Spellcasting is often seen as a practical discipline. A doctor is as likely to know a charm to heal as to rely solely on herbs and potions; a respected blacksmith may use a magical word to mend a damaged pot - or weapon. The magic they wield is steeped in tradition; the methods they use have been handed down from one magician to another for centuries. This means that both the village healer and the powerful ritualist alike are wielding magic tried and tested by the generations that have gone before them.
A great deal of magical power rests in the hands of the landskeepers, politically powerful magicians who safeguard the customs of the Marches and see to its magical wellbeing. They are steeped in tradition, and tend to be given a wary respect by the folk of the Marches. By contrast, the Mummers practice a rough and ready form of magic that is often seen as suspect, unreliable or downright dangerous - but does not prevent them being in demand for the kind of magical workings that may be seen as beneath the notice of the "stuffy" landskeepers. Both groups look down on hedge wizards - magicians at the beck and call of a steward.
Some Marcher magicians practice dramaturgy, and join together in bands of mummers. They tend to maintain an itinerant existence combining the practice of ritual magic with entertainment. Traveling from place to place freely, they attend fairs, markets and other regular gatherings performing plays and feats of skill. They are often greeted with a little suspicion - compared by some uncharitable souls to the mountebanks of the League. Some market towns observe local ordinances that ban mummers from spending the night in their environs.
Mummers pride themselves on working magic through improvisation, without scripts but with a strong intuitive feel for the stories they create and the roles they use to work their magic. The personae are usually presented with a single key prop rather than a mask or sumptuous costume, while the thrones are generally established by narration rather than through expensive - and unwieldy - scenery. Almost all groups of mummers include the fool as a major character, weaving narration and commentary through the performance as the personae act out the events they describe - the fool is also responsible for encouraging audience participation and attracting patrons prepared to pay a few coins for the magic or entertainment the mummers provide. In contrast to League dramaturgists, the fool is often the only member of the band who wears a mask.
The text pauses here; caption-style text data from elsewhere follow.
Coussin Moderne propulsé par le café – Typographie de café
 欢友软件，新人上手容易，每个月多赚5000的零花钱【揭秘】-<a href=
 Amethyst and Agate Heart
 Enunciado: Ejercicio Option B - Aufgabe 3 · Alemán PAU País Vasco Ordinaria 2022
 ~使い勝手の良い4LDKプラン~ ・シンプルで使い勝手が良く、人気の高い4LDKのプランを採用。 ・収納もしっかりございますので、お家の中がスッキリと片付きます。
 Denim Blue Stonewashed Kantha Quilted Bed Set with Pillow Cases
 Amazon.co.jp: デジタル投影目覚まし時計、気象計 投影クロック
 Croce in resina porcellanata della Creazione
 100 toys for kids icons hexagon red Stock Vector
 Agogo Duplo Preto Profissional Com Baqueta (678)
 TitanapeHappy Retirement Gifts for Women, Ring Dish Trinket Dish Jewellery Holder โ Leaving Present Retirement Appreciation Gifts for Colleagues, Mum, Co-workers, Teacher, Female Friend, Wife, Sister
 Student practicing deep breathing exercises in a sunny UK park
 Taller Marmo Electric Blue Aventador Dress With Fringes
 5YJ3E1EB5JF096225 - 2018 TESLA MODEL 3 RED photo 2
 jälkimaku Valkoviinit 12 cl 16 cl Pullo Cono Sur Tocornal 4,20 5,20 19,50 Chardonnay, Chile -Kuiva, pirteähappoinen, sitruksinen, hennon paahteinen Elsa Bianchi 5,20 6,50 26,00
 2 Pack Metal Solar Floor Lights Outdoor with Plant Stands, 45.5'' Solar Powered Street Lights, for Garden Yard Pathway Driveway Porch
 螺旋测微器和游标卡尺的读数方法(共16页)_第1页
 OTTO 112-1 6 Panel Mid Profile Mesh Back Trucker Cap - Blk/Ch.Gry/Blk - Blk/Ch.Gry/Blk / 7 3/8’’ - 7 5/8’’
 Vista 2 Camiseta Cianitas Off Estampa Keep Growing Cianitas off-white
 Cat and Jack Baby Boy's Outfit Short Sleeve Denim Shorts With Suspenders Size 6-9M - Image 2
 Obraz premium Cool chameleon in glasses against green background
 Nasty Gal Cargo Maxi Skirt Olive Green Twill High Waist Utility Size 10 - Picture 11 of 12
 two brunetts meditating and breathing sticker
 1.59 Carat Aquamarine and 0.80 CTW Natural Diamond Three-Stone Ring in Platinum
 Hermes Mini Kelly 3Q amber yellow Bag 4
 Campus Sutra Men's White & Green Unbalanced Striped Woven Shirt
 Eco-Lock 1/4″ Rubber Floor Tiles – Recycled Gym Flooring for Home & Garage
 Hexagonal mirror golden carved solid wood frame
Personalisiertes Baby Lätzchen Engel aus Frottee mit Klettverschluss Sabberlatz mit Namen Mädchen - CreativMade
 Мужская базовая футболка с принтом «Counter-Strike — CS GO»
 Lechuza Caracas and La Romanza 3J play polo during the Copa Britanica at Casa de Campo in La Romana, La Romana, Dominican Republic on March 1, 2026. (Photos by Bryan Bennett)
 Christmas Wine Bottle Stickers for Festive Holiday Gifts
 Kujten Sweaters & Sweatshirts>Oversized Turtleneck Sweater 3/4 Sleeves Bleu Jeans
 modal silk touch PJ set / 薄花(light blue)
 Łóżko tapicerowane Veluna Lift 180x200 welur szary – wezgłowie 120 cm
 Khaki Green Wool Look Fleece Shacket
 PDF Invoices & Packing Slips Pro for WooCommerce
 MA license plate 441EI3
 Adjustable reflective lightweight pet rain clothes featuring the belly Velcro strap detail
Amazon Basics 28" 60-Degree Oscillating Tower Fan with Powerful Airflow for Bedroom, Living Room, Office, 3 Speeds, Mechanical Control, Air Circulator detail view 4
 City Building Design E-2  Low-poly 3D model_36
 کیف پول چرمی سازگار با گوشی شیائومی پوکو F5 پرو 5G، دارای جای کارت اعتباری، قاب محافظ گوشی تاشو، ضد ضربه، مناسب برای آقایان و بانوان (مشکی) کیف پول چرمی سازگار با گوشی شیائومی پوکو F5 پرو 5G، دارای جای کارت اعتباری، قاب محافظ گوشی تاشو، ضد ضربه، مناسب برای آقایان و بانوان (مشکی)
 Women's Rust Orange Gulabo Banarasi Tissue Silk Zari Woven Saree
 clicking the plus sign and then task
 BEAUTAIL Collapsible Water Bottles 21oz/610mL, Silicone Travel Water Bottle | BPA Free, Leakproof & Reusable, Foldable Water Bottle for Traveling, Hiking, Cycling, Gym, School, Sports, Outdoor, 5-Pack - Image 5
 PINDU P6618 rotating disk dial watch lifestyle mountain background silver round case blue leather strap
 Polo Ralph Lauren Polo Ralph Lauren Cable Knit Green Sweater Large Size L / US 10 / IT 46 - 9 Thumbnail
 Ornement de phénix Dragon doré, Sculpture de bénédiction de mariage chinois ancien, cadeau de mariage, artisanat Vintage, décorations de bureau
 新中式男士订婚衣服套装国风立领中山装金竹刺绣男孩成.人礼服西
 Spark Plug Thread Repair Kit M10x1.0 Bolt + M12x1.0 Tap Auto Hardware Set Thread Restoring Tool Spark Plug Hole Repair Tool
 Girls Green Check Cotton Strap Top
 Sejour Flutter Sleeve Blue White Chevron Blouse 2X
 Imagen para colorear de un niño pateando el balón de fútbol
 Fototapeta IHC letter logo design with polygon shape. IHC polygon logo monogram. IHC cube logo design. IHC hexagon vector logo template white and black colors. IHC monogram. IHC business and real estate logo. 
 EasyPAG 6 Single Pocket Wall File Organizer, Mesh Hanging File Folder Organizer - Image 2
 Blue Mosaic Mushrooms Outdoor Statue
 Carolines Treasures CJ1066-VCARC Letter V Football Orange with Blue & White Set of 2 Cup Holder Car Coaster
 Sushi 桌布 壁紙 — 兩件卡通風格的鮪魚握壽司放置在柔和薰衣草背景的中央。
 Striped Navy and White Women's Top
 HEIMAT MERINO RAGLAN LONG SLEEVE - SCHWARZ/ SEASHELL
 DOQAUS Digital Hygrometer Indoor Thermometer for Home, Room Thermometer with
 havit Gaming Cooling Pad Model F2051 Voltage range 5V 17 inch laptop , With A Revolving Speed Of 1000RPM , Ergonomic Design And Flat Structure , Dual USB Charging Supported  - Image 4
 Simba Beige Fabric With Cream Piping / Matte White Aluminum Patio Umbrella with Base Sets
Their plays are often rough and full of broad humour, but no less effective at providing entertainment or instruction for all that. It is quite common for bands of mummers to have a broad mastery of ritual lores rather than to focus in any one lore - many pride themselves on mastering the four rituals that allow a farm to be enchanted through the year. They use the opportunity of seasonal fairs to stage grand performances that enchant all the farms in the vicinity usually for a suitable donation from the yeomen who own those farms.
One form of magic practiced in the Marches is a type of totem magic. It has partially fallen out of favour, but some Marcher magicians draw on symbollic spirit animals (and in some cases plants) to work their magic. The practice is quite old, and many modern Marcher magicians look on it as being a little primitive or simplistic.
Sorcery and the Threshers
Someone who is suspected of using magic in ways that violate Marcher traditions faces shunning or worse. The Declaration of Sorcery used by the Imperial Conclave was originally a Marcher idea. The landskeepers could judge fellow magicians accused of misusing their magic, declaring them to be sorcerers and punishing them for their misdeeds.
There is a common belief in the Marches that all magic should be done publicly. Only sorcery is done in private - "dark minds find dark places to do dark deeds" so the saying goes. That is not to say that every magical ritual requires an audience, but the more effort the practitioners make to keep people from seeing what they are doing, the more suspect their magic must be.
Some Marchers dedicate themselves to tracking down, exposing and destroying sorcerers wherever they may operate. They are called Threshers and they watch for things that are wrong. Every farmer knows about separating wheat from chaff, and the Threshers look to separate human wheat from human chaff. They seek out those who are using magic or old lore against the interest of the people. Where crimes are being committed they work with the beaters and landskeepers to capture the sorcerer and hand them over to Imperial justice. If the sorcerer has not broken any Imperial laws then the rough music is their punishment, or shunning if they persist. It falls to the Thresher to convince the folk of the Marches that these punishments are merited, and in many cases to oversee their performance.
Several Threshers expand their interests to include the rest of the Empire, looking for villains outside the borders of the Marches whose wickedness threatens - or may eventually threaten - the innocent folk of their Nation. These Threshers have an interests in groups such as the circle of sinister sorcerers called the Volodny, or the most powerful barbarian shamans, who threaten the Marches by dint of the threat they present to the entire Empire.